In the case of Aito, the Bayesian mathematics were generalized to serve not just predictions, but also recommendations. Because the search mathematics is based on a Bayesian Binary Independence Model and a predictive database needs to index all text to function: extending the Bayesian Aito to serve traditional search, matching and personalized search use cases was only natural. Also using the text book mathematics to enable explainable AI was extremely simple. Adding pattern mining support to a system, which needs fast pattern mining to even function, was almost inevitable. On the other side: BayesLite complements Aito’s feature portfolio with wide analytical capabilities, SQLite’s extensive database functionality and an impressive ability to generate data.

So similarly as databases are extremely multipurpose and versatile with the known data, the predictive databases can be extremely multipurpose and versatile with the unknown data. Now, if you combine both the traditional database and the predictive database capabilities, you will create even more multipurpose system that can flexibly serve all the knowledge related needs covering both the known and the unknown.

In the predictive approach the 1) client side API integration, 2) the prediction server and 3) the per model data integration are replaced with a) single prediction query request and b) one-time integration for the predictive database. The approach is more consistent with the industry best practices like DRY, reusability, avoiding NIH and replacing infrastructure with code.

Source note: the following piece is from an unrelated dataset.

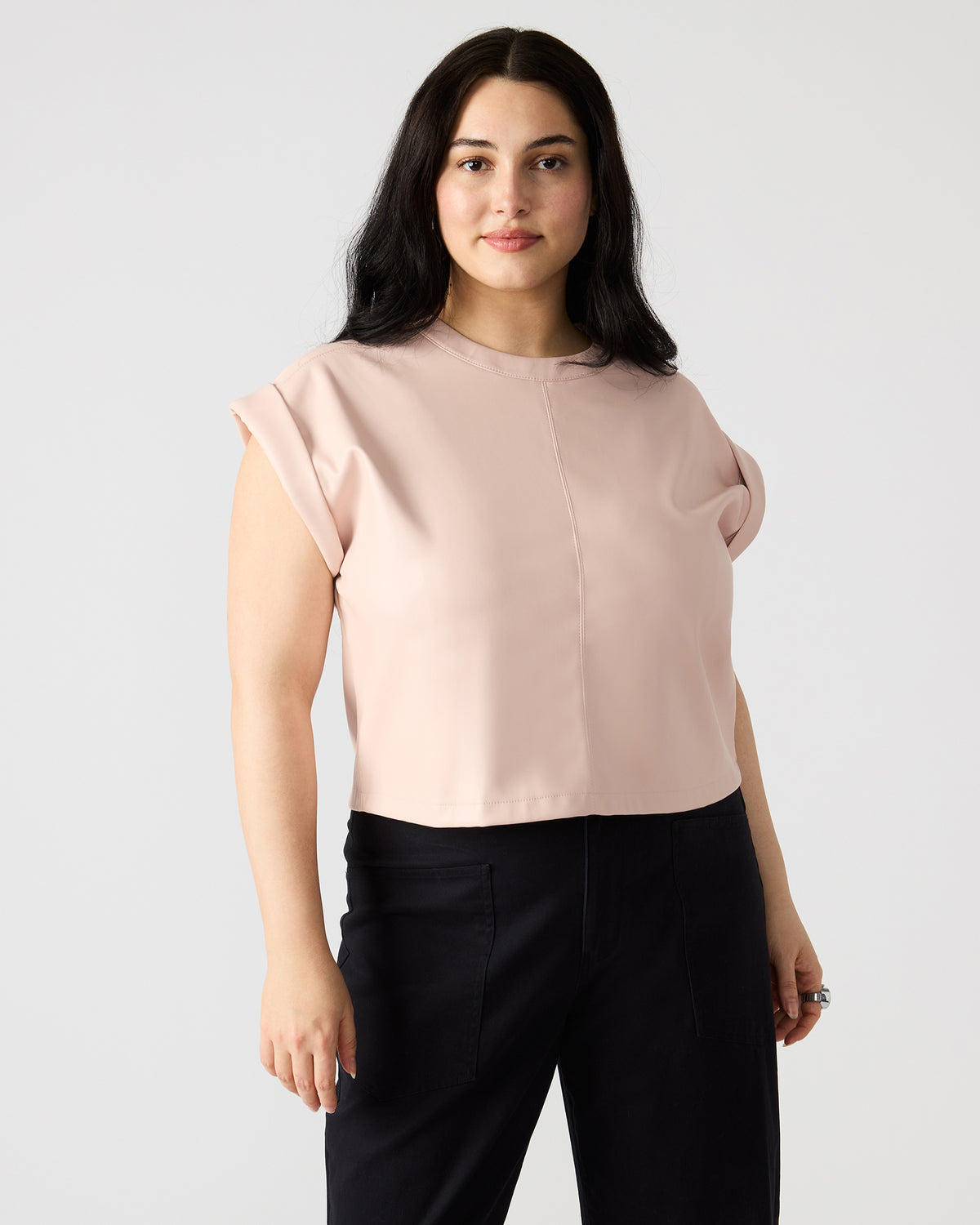 CAT Rose Women's Short-Sleeved Faux Leather Top - Steve Madden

As a consequence for a single application: perhaps you only need one predictive database to serve all your needs. You get the queries, natural language searches, predictions, recommendations, smart searches etc. from a single source. No additional server deployments, custom models or data integrations are needed as everything is served from the single database. The redundancy, consistency and the interoperability issues also disappear, because all functionality is based on the same transactional data.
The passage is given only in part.